We have been very lucky and have found that getting away even for 2 days gives us both a change of scenery and renews our strength. We have seen some gorgeous mountain trails that are wheelchair friendly! Once we get back home it is important to give Bob a lot of down time in a comfortable chair, because one of the drawbacks of car travel is he is confined to his wheelchair all the time.
How has Bob's diagnosis of ALS changed your life?
In every way. It has narrowed the focus of life to its essentials - love and respect, and has deepened our love and commitment to each other. It also has me always alert (sleeping is a challenge),and trying to care for the details of someone else's life as well as my own is tough sometimes. With each change in Bob's condition, using the wheelchair, having to feed him etc., we have grieved the loss and struggled to handle it. I am, however, truly grateful for this time we have together, and am amazed at the grace with which he makes each adaptation. No matter how it has changed my life - his has changed a million times more!
What does the word "Caregiver" mean to you?
For me, it is a lot of responsibility with a lot of rewards. It is a chance to outwardly express my respect and love for my husband. When hiring outside help I ask for kindness, attentiveness, gentleness and respect for Bob and his changing needs. Knowing that Bob's mind is functioning at top speed, even though his body doesn't, is a challenge for some people. I need people who have the heart and inclination to get to know this wonderful man.
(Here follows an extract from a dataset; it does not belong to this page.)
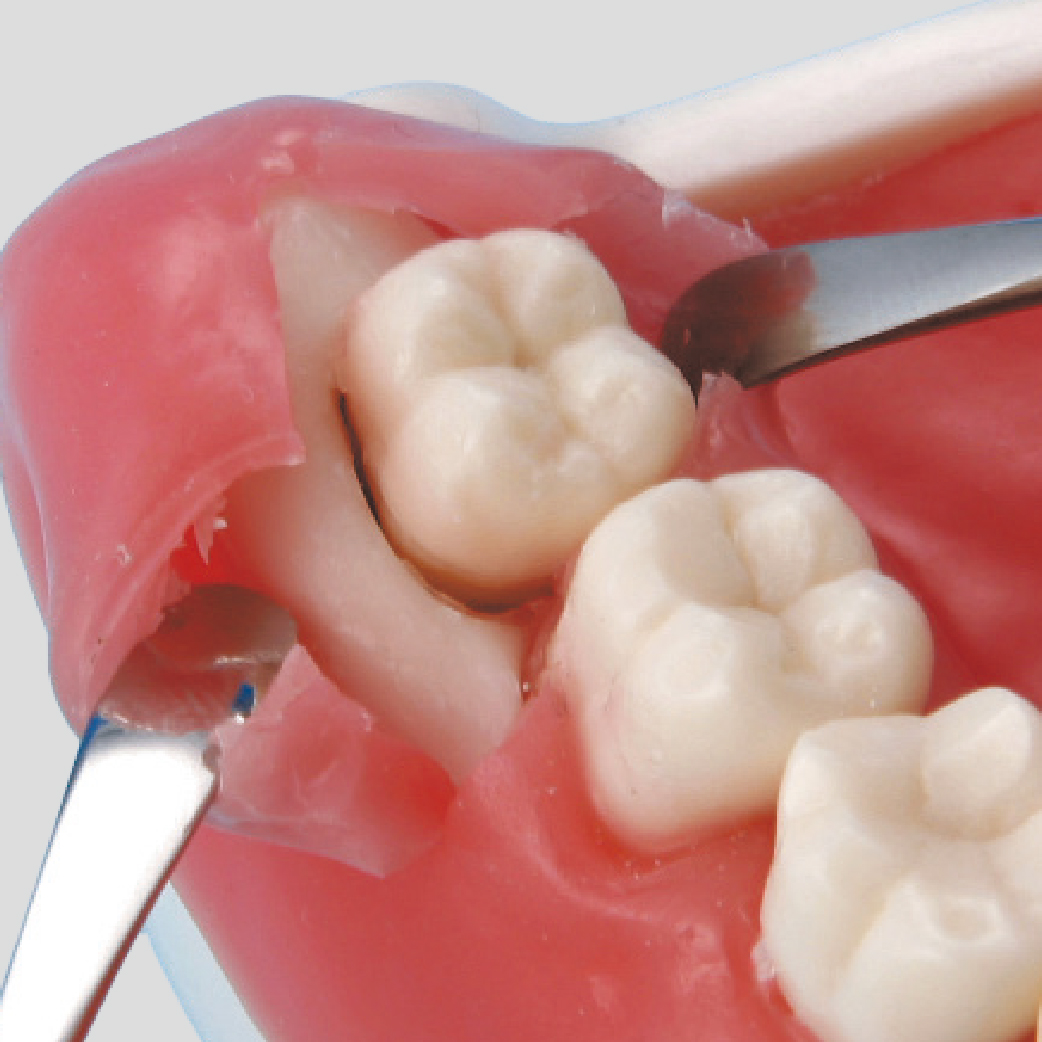 Oral Surgery Jaw Model [SUG1003-UL-SP-FEM-28]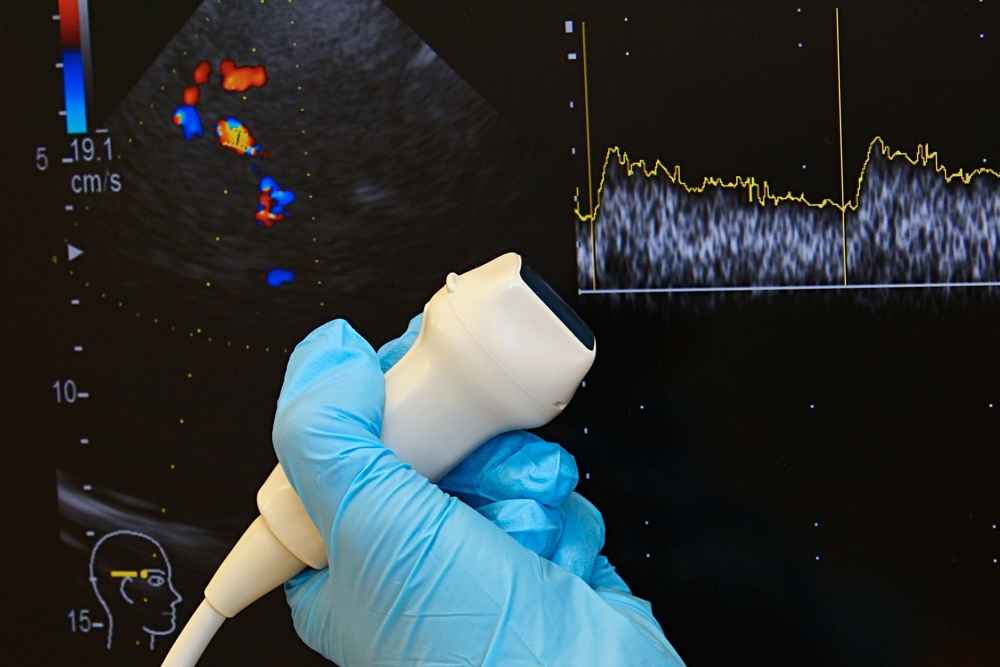 transcranial-doppler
As a primary caregiver, it is often a challenge to maintain facets of your own personal life. How do you maintain a sense of balance in your life?
Well, I didn't, initially. But now, we have hired outside help (no help from the insurance unfortunately) and I have re-established my friendships and work associations. Not knowing how long we have together has made me reluctant to miss a moment, but having help 5 days a week, 8 hours a day, makes the 16 hours a day I am Bob's caregiver now have more balance.
I also realized early on that I would need guidance and I continue to see a counselor to help me deal with the incredible loss and grief we experience daily. I try to get a massage at least twice a month too!